Le développement de ces initiatives doit donc être maitrisé, sans négliger l'intérêt de la participation des Mahorais à la prévention des actes de délinquance quotidienne en alertant les forces de l'ordre dès qu'ils constatent des situations de danger ou d'atteintes à l'ordre public.

2. Poursuivre le développement récent de plusieurs dispositifs de prévention de la délinquance

Les pouvoirs publics ont récemment développé plusieurs dispositifs de prévention de la délinquance. Ceux-ci sont tout particulièrement concentrés autour des établissements scolaires. Lors de sa visite sur place, la mission a ainsi pu constater l'efficacité de plusieurs dispositifs .

En premier lieu, le colonel Olivier Capelle, commandant de la gendarmerie à Mayotte, a fait valoir auprès de la mission l'intérêt du dispositif dit des « élèves-pairs » , qui permet d'établir un canal de communication entre les gendarmes et certains élèves d'un établissement scolaire. Formés, ces « élèves-relais » sont chargés de recueillir le ressenti de certains de leurs pairs lorsque ceux-ci éprouvent des difficultés à l'exprimer auprès d'un adulte. Associant le conseiller principal d'éducation (CPE), ce dispositif, qui n'est pas spécifique à Mayotte 52 ( * ) , rend les élèves acteurs de leur sécurité et offre aux forces de l'ordre la possibilité de recueillir des informations sur d'éventuelles sources d'insécurité.

En second lieu, la mission a pu constater l'intérêt des classes dites « défense et sécurité globale », mises en place par le rectorat de l'académie de Mayotte.

Rencontre entre une classe « défense » et la mission au collège Zakia Madi de Dembéni, en présence du recteur, Gilles Halbout,
et du maire de Dembéni, Saïdi Moudjibou

Source : commission des lois du Sénat

Ces classes, créées dans l'académie de Nice en 2005, ont progressivement vu leur rôle reconnu, jusqu'à faire partie intégrante du protocole interministériel visant à développer les liens entre la jeunesse, la défense et la sécurité nationale du 20 mai 2016 53 ( * ) . Le 30 octobre 2017, la signature par le vice-rectorat et le Détachement de légion étrangère de Mayotte (DLEM) d'une convention de partenariat a permis l'instauration d'une première « classe défense » à Mayotte au collège Zakia Madi de Dembéni. L'ouverture récente en octobre 2021 d'une troisième classe au collège Bouéni M'Titi à Dzaoudzi 54 ( * ) démontre la pertinence d'un dispositif qui permet de resserrer concrètement les liens entre les forces de sécurité et les jeunes Mahorais.

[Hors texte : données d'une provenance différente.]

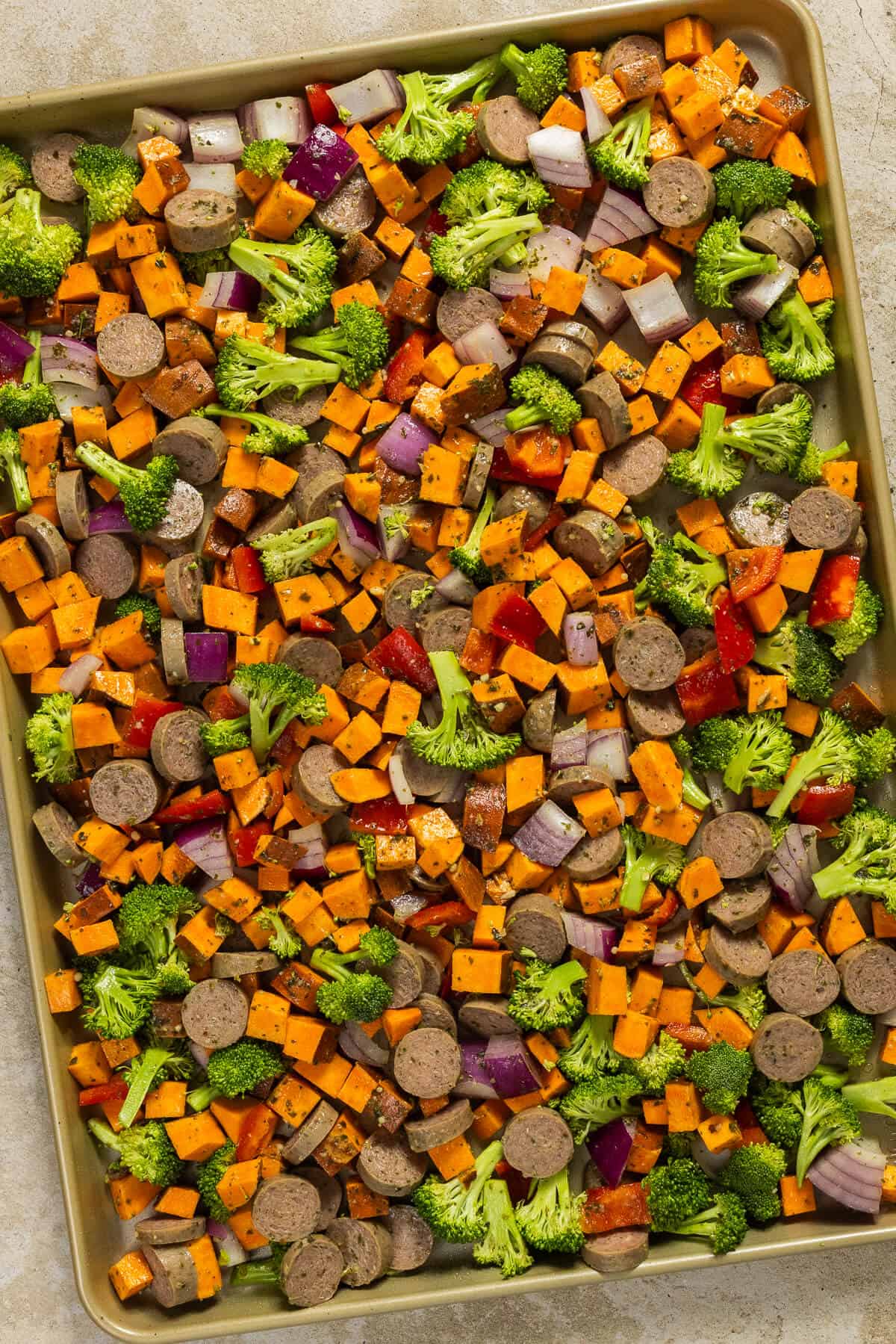 A sheet pan with the pesto chicken sausage and veggies prior to roasting.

En troisième lieu, Jérôme Millet, secrétaire général adjoint de la préfecture de Mayotte, a présenté à la mission sur place le dispositif des groupes de médiation citoyenne (GMC) . Ces structures, qui associent les services de l'État, le conseil départemental et six associations partenaires, s'appuient sur des « adultes relais », recrutés dans le cadre de contrats aidés « parcours emploi compétences » de trois ans, qui jouent le rôle de médiateurs déployés dans les zones criminogènes. Ces médiateurs, dont l'insertion professionnelle ultérieure est facilitée par l'expérience ainsi acquise, ont un rôle de médiation sociale, en « éteignant les éruptions de violence ». L'avantage escompté pour les forces de l'ordre est, outre la remontée d'informations utiles via des contacts identifiés au plus proche du terrain, de nature opérationnelle : le déploiement ponctuel de médiateurs le long des itinéraires des bus scolaires permet ainsi d'en prévenir, dans une certaine mesure, le caillassage. Ces groupes permettent donc de diminuer le niveau de violence et de lutter, pour les adultes qui y prennent part, contre l'oisiveté. Ils constituent ainsi un outil utile de prévention de la délinquance.

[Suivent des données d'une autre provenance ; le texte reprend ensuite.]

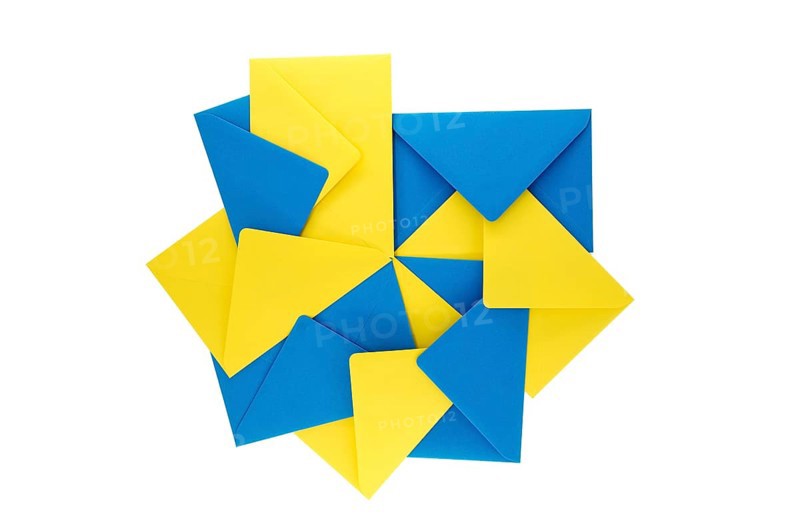 Collection of blue and yellow paper envelopes arranged against a white background, arrangement gives the appearance of a three-dimensional, exploding geometry that adds a sense of depth and vibrancy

En dernier lieu, le régiment du service militaire adapté (RSMA), implanté à Combani, constitue un outil extrêmement efficace d'insertion socioprofessionnelle pour des jeunes Français de 18 à 25 ans, habitant à Mayotte et éloignés de l'emploi, soit faute de tout diplôme, soit disposant d'un diplôme ne leur permettant pas de trouver un emploi. En cas de catastrophe naturelle, le RSMA contribue également, en renfort des forces armées éventuellement mobilisées, aux plans de secours. Par ailleurs, le RSMA contribue à la valorisation du département, en participant à certains chantiers, notamment au profit des collectivités territoriales. En offrant une alternative à l'oisiveté à des jeunes ne disposant pas de débouchés professionnels immédiats, le RSMA lutte donc efficacement contre la délinquance juvénile. À titre d'exemple, le dispositif dit des « cadets citoyens », mis en oeuvre conjointement avec le commandement de gendarmerie de Pamandzi, avec le soutien du fonds interministériel pour la prévention de la délinquance (FIPD) et le conseil départemental, a été souligné comme particulièrement efficace. À cet égard, l'annonce par les ministres Gérald Darmanin et Sébastien Lecornu d'une allocation de 10 millions d'euros supplémentaires et la création d'une nouvelle compagnie du régiment du service militaire adapté (RSMA) à Mayotte apparaît comme une reconnaissance particulièrement bienvenue du travail accompli par le RSMA.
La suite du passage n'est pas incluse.